Atualizado em 14 de julho de 2019 às 22:48
Deltan Dallagnol (Heuler Andrey/AFP)

José Augusto César Salgado foi promotor de Justiça no Estado de São Paulo. Em 1938, fundou a Associação Paulista do Ministério Público, da qual foi o primeiro presidente. Foi procurador-geral por três vezes, entre os anos de 1945 e 1955.

Faleceu em 1979, mas isso não impede a afirmação de que ele reprovaria as condutas do procurador Deltan Dallagnol reveladas pelo mais recente vazamento de conversas da Lava Jato, nas quais ele articula formas de aproveitar a visibilidade obtida com a operação para lucrar em eventos e palestras.

Salgado foi autor do “Decálogo do Promotor”, conjunto de princípios que deveriam nortear a conduta destes servidores públicos. São orientações simples e diretas, sem margens para relativizações, como se pode ler abaixo:

1) Ama a Deus acima de tudo e vê no homem, mesmo desfigurado pelo crime, uma criatura à imagem e semelhança do Criador;

2) Sê digno de tua grave missão. Lembra-te de que falas em nome da Lei, da Justiça e da Sociedade;

3) Sê probo. Faze de tua consciência profissional um escudo invulnerável às paixões e aos interesses;

4) Sê sincero. Procura a verdade e confessa-a, em qualquer circunstância;

5) Sê justo. Que teu parecer dê a cada um o que é seu;

6) Sê nobre. Não convertas a desgraça alheia em pedestal para teus êxitos e cartaz para tua vaidade;

7) Sê bravo. Arrosta os perigos com destemor, sempre que tiveres um dever a cumprir, venha o atentado de onde vier;

8) Sê cortês. Nunca te deixes transportar pela paixão. Conserva a dignidade e a compostura, que o decoro de tuas ações exige;

9) Sê leal. Não macules tuas ações com o emprego de meios condenados pela ética dos homens de honra;

10) Sê independente. Não te curves a nenhum poder, nem aceites outra soberania senão a Lei.

A contraposição entre a orientação do decálogo de não converter a “desgraça alheia em pedestal para êxitos e cartaz para a vaidade” e as conversas onde Dallagnol vislumbra faturamentos de R$ 400 mil e sugere artimanhas para conquistar clientes explicita o abismo entre o jovem procurador e os princípios elementares da sua carreira.

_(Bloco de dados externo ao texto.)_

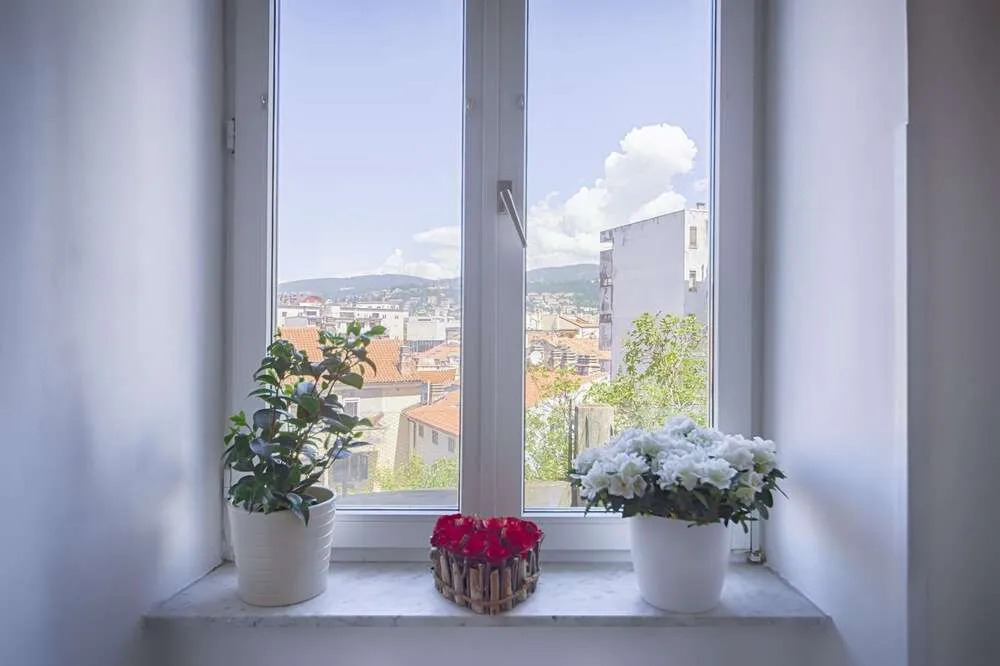 Oltremare Modern Flat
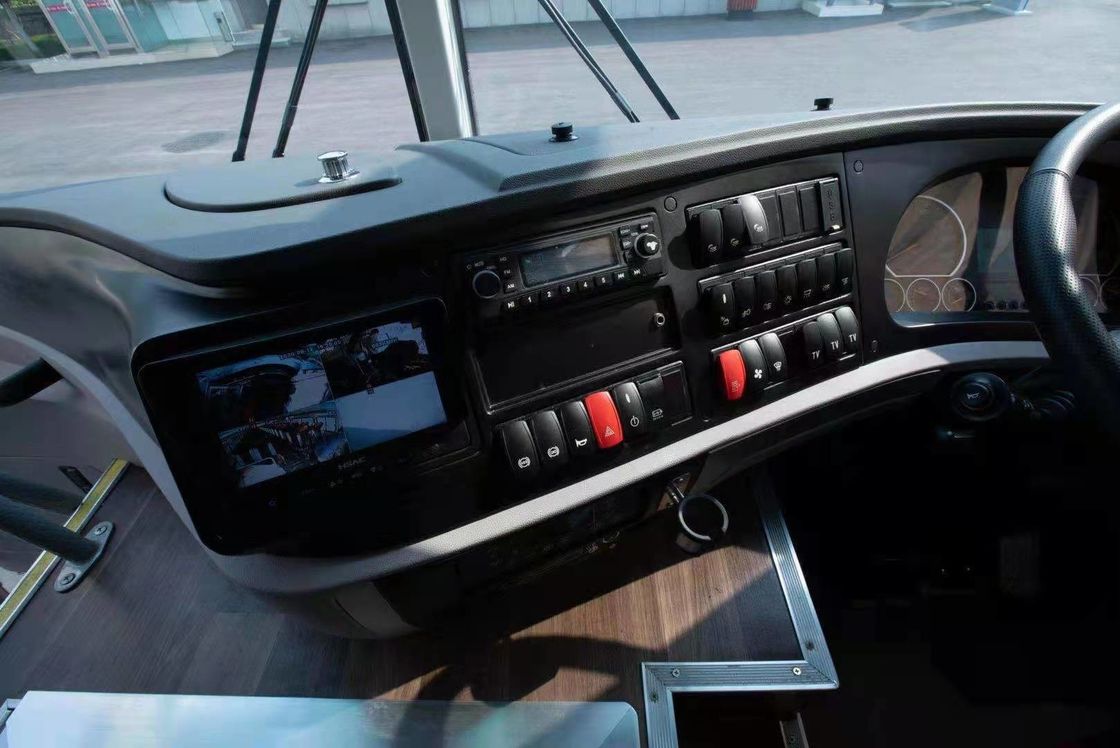 العلامة التجارية الجديدة Yutong Bus ZK6126 ذات المحور المزدوج مع 58 مقعدًا باللون الأبيض في المحرك الخلفي الترويجي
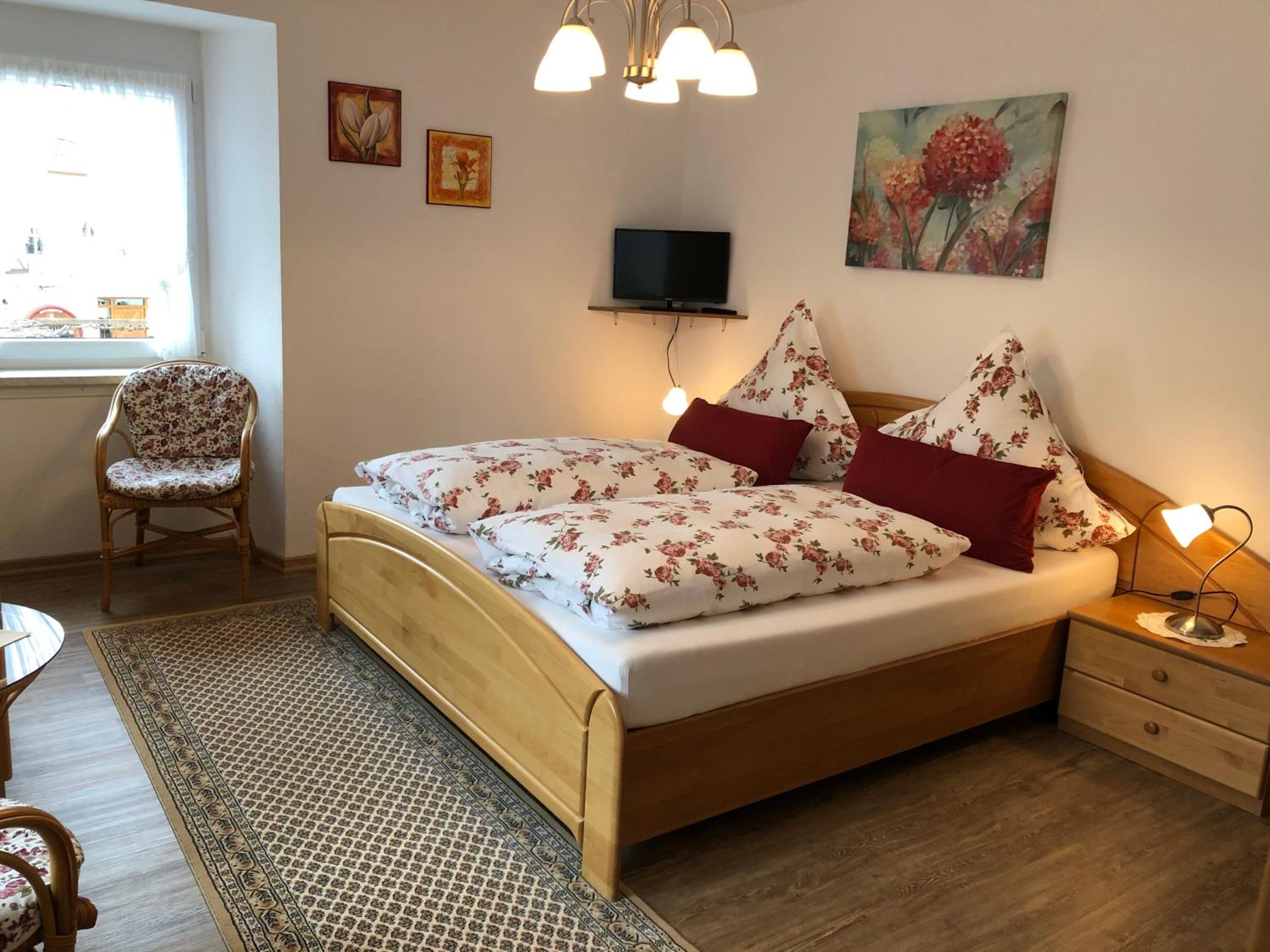 Large Double Room - Photo 1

No decálogo escrito por Salgado há referências a valores como verdade, bravura, justiça e sinceridade. Por outro lado, não constam menções a lucros financeiros ou insinuações de que os fins justificam os meios empregados.

Não é preciso nenhum esforço em interpretação de texto para perceber como o Deltan Dallagnol revelado pela série de reportagens do The Intercept passeia a anos-luz de distância do modelo de servidor recomendado por Salgado.

Apesar da gravidade, é possível que os vazamentos não levem a punições e os envolvidos sigam ricos, leves e soltos, atuando com viés político e palestrando aqui e ali nas horas vagas. Neste cenário de horror, é possível até mesmo que Dallagnol cite em suas palestras o Decálogo do Promotor sem sequer corar a face.